Entenmann’s, known for their baked goods, used the hashtag #notguilty to promote their low-calorie food options – at the same time that #notguilty was already trending in the wake of the controversial Casey Anthony “Not Guilty” murder verdict, they deleted the tweet and apologized on Twitter.

AskDerm hosted a holiday contest with several valuable prizes, but the number of entries and overall engagement was pretty weak. Their hashtags included #contest #sweepstakes #giveaway #freebies #freestuff, but none of the tags were related to AskDerm’s industry or their company. Adding hashtags like #askderm, #skincare and #beauty would have given the giveaway more exposure and increased the number of people who entered. Since AskDerm didn’t ask people to use a branded hashtag, like #askderm or #askdermcontest, it also made it difficult for AskDerm to see all the entries at once.
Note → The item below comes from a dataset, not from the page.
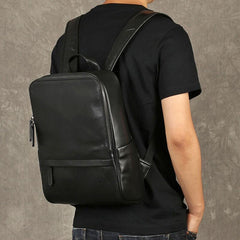 Genuine Leather Mens Large Cool Backpack Black Travel Backpack School Backpack for men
BoardingPassNYC is a luggage company with a big following, they hosted a giveaway featuring a piece of luggage but the instructions for entry are pretty vague, and there are no details about the duration or other terms of the contest. With every promotion offering there needs to be Official Rules that govern. Dependent upon space, you can post abbreviated rules, legal disclaimers or a link to the full rules. Entrants need to know who is eligible, duration of the promotion, how they can enter, what the prizes are, etc.